What started in 1998 as an unfunded ìgood willî study by the Biological Sciences, John Crerar Library, and Networking Services & Information Technologies to define a next-generation public computing cluster has, in five years, transformed the relationship of central IT and the Library, redefined the role of public computing on the University of Chicago campus, and enabled new ideas on how technology, content, expertise, and space relate to one another.

This briefing will highlight the issues and themes behind the USITE/Crerar Computing Cluster & CyberCafe, review the outcomes, and look at how it has influenced current thinking on the role of technology and space both within the Regenstein and Harper libraries and across campus.

Cross Domain Networked Reference: Developments on Standards

Donna Dinberg
System Librarian/Analyst, Government Online Task Force
National Library of Canada

Jeffrey Penka
Manager, Cooperative Reference Services
OCLC, Inc.

Digital reference services constitute a new but rapidly growing extension of the traditional reference service offered to users of information services, and enable cooperation in delivery across the library, archival, museum, and corporate communities. While the service may be delivered via real-time chat or asynchronous e-mail/Web mechanisms, the essential characteristic of the service is the ability of the user to submit questions and to receive answers via electronic means. These reference services are being implemented at a rapid pace as small local cooperatives, statewide networks, nationwide (but for particular sectors), and even globally. NISO has undertaken a project to develop protocols that will enable interaction between separate network reference services or domains in order to broaden their effectiveness.

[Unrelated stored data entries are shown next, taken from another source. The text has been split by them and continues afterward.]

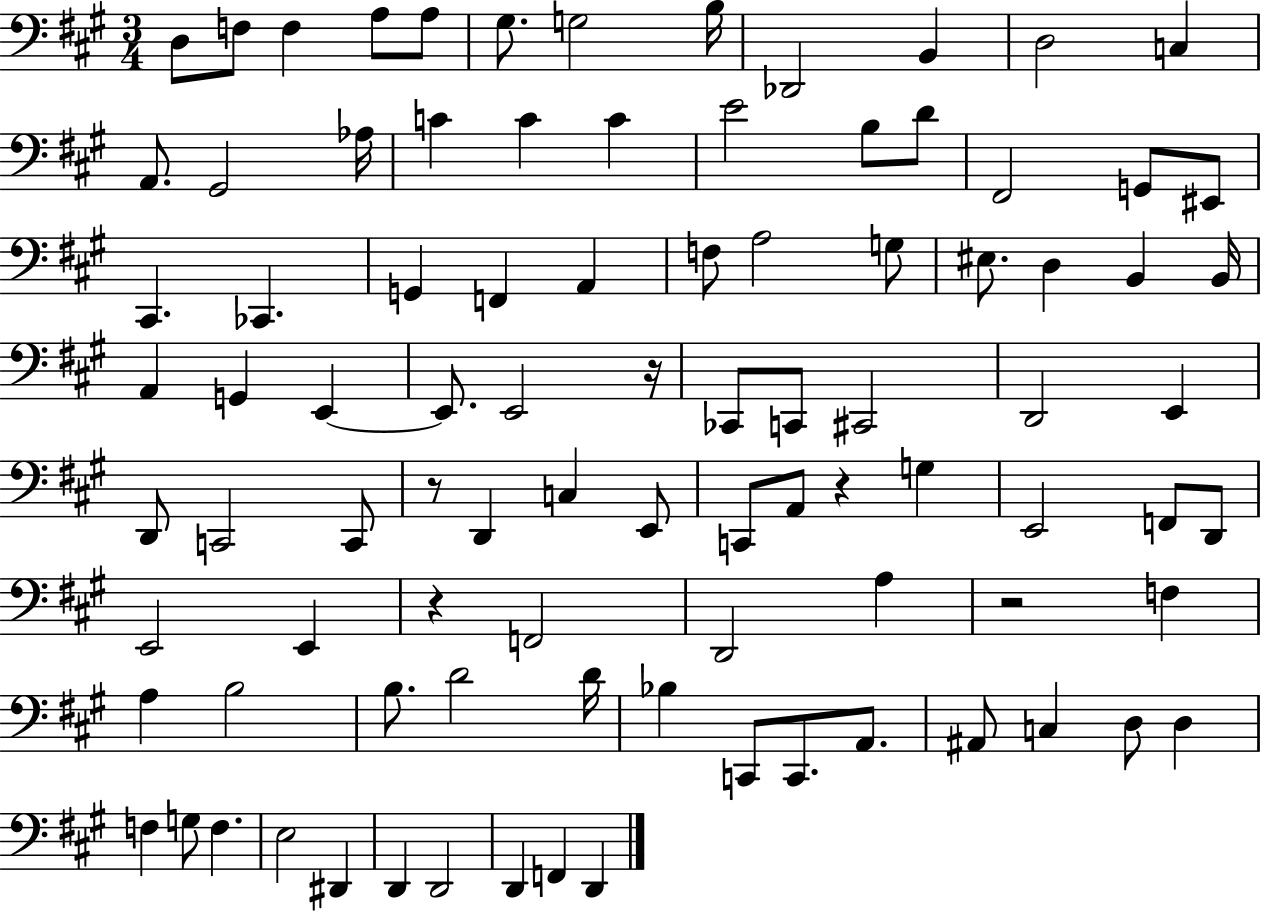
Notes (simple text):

D3/e F3/e F3/q A3/e A3/e G#3/e. G3/h B3/s Db2/h B2/q D3/h C3/q A2/e. G#2/h Ab3/s C4/q C4/q C4/q E4/h B3/e D4/e F#2/h G2/e EIS2/e C#2/q. CES2/q. G2/q F2/q A2/q F3/e A3/h G3/e EIS3/e. D3/q B2/q B2/s A2/q G2/q E2/q E2/e. E2/h R/s CES2/e C2/e C#2/h D2/h E2/q D2/e C2/h C2/e R/e D2/q C3/q E2/e C2/e A2/e R/q G3/q E2/h F2/e D2/e E2/h E2/q R/q F2/h D2/h A3/q R/h F3/q A3/q B3/h B3/e. D4/h D4/s Bb3/q C2/e C2/e. A2/e. A#2/e C3/q D3/e D3/q F3/q G3/e F3/q. E3/h D#2/q D2/q D2/h D2/q F2/q D2/q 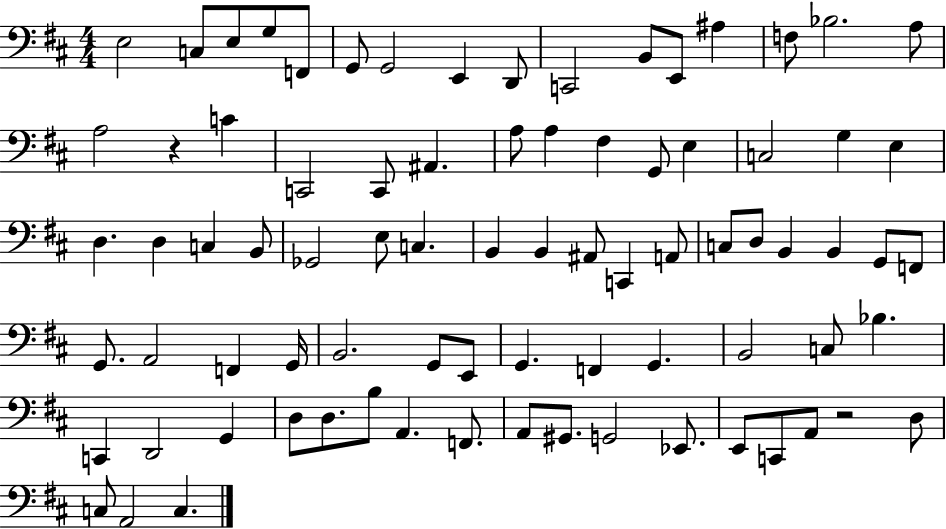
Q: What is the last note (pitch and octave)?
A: C3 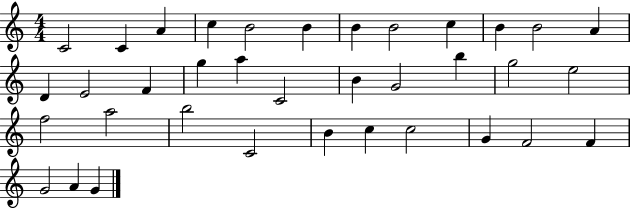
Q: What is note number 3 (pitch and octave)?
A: A4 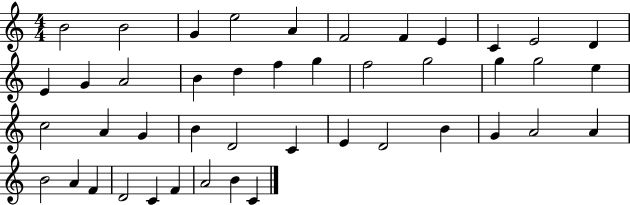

This session will describe the motivation for this work, the potential applicability and value of a protocol standard, how the standard is evolving, and expectations for trial use.

Web Links:
http://www.niso.org/committees/committee_az.htm

Data Capture Framework and Testbed for Cultural Heritage Materials

Sayeed Choudhury
Hodson Director
Johns Hopkins University

Tim DiLauro
Deputy Director
Johns Hopkins University

This session will present research on a fully automated robotic system for on-demand and batch scanning of print materials (CAPM) and an open-source software framework for document analysis that can be trained and calibrated by humanists (Gamera). The resulting system will include an inter-linked mechanism between CAPM and Gamera. To evaluate different techniques for document analysis, including Gamera, we will build a testbed of digital images. Gamera will be usable designed according to the principles of usability which include effectiveness, efficiency and satisfaction.